▸ About this exercise
Output only the lines below from the one holding "新鲜葵树子葵扇木子,蒲葵子,蒲葵的种子500克" down to the one holding "Golden Retriever dogs", both end lines included and every picture dropped.

▸ Data records

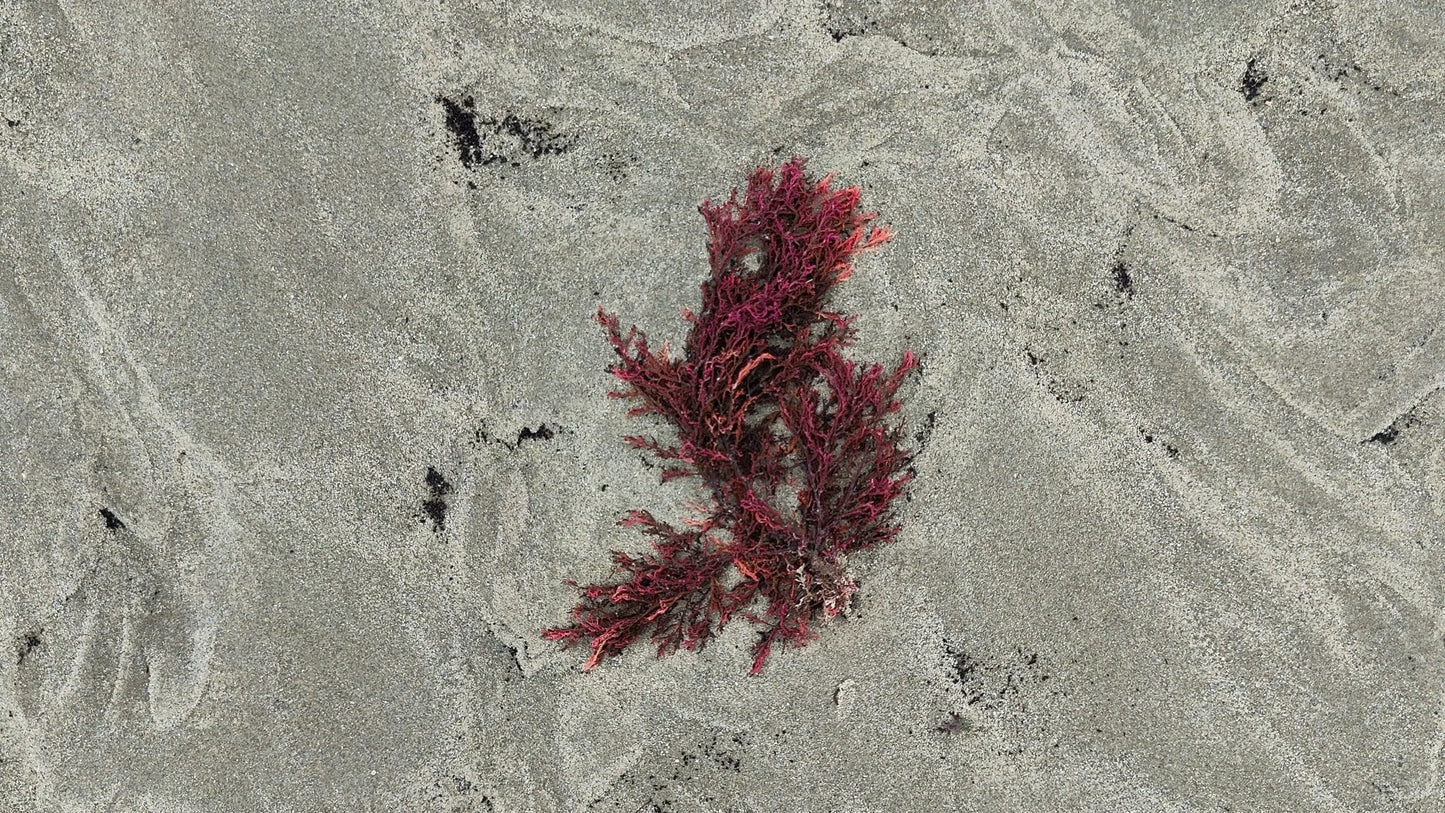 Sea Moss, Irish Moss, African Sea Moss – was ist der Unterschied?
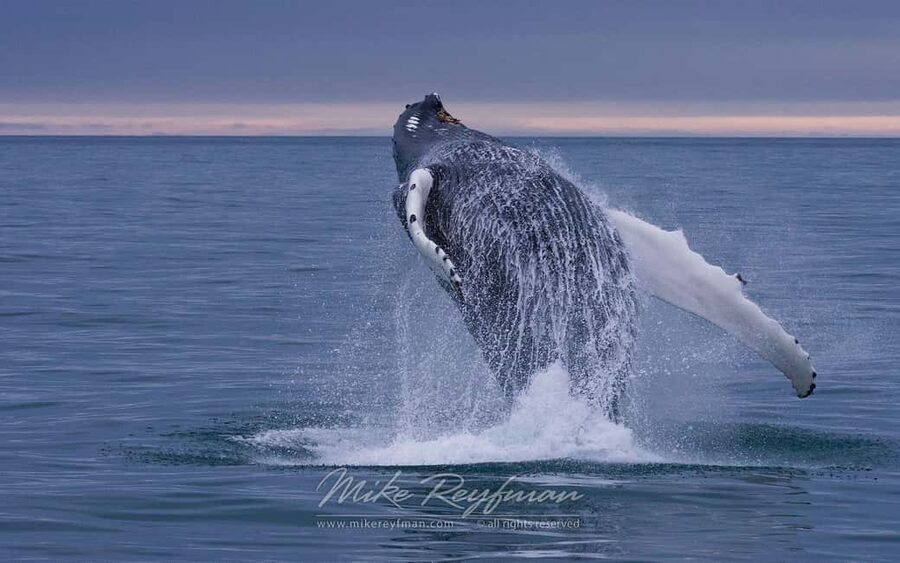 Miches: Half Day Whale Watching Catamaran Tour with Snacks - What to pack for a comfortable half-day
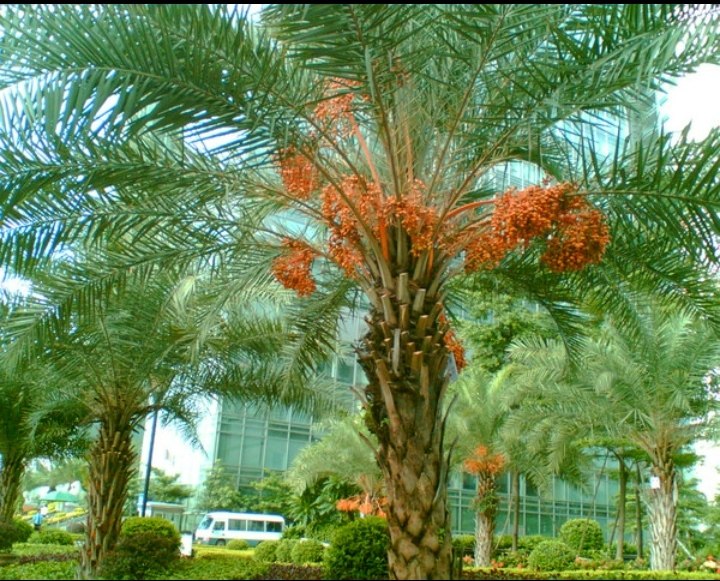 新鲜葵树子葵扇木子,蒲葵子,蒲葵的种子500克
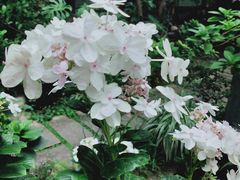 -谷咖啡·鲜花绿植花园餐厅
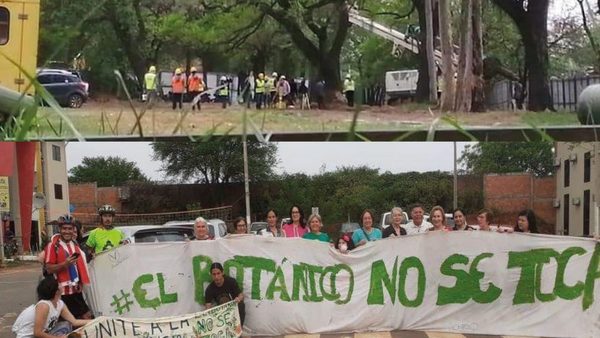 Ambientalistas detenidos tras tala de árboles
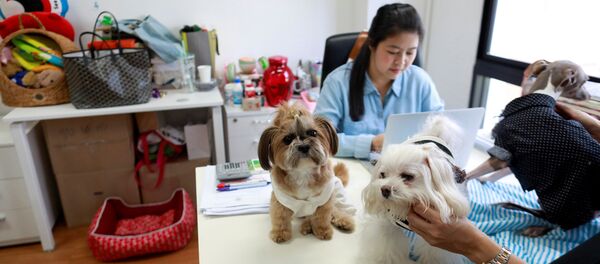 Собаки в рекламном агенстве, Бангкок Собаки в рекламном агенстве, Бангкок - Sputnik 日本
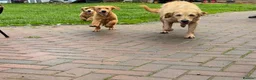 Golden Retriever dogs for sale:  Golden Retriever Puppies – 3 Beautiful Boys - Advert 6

--

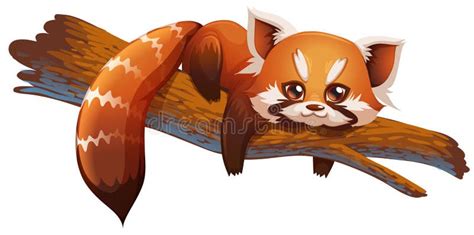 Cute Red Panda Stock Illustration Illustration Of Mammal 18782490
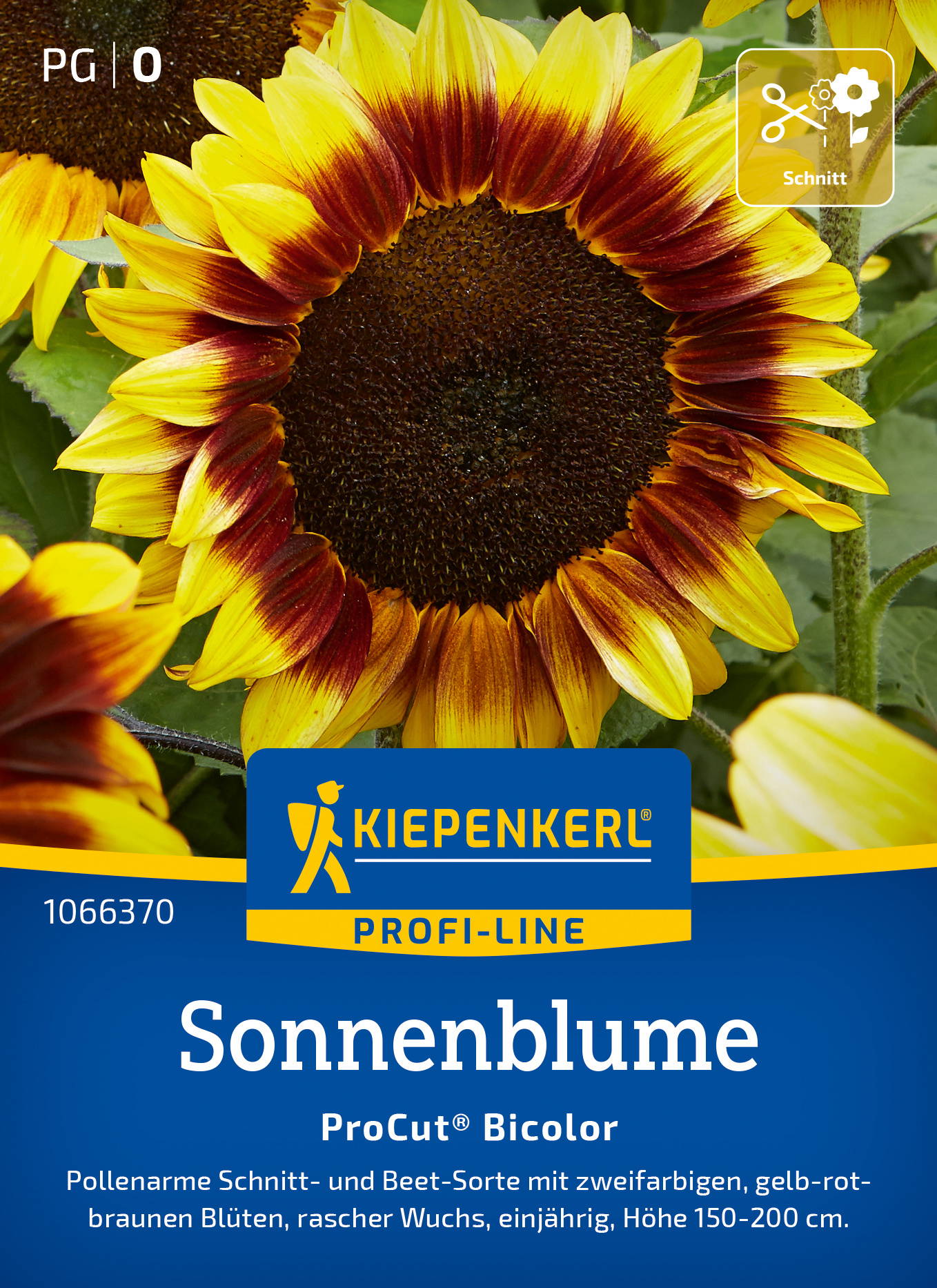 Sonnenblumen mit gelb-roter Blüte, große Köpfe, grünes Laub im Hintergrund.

▸ Solution
 新鲜葵树子葵扇木子,蒲葵子,蒲葵的种子500克
 -谷咖啡·鲜花绿植花园餐厅
 Ambientalistas detenidos tras tala de árboles
 Собаки в рекламном агенстве, Бангкок Собаки в рекламном агенстве, Бангкок - Sputnik 日本
 Golden Retriever dogs for sale:  Golden Retriever Puppies – 3 Beautiful Boys - Advert 6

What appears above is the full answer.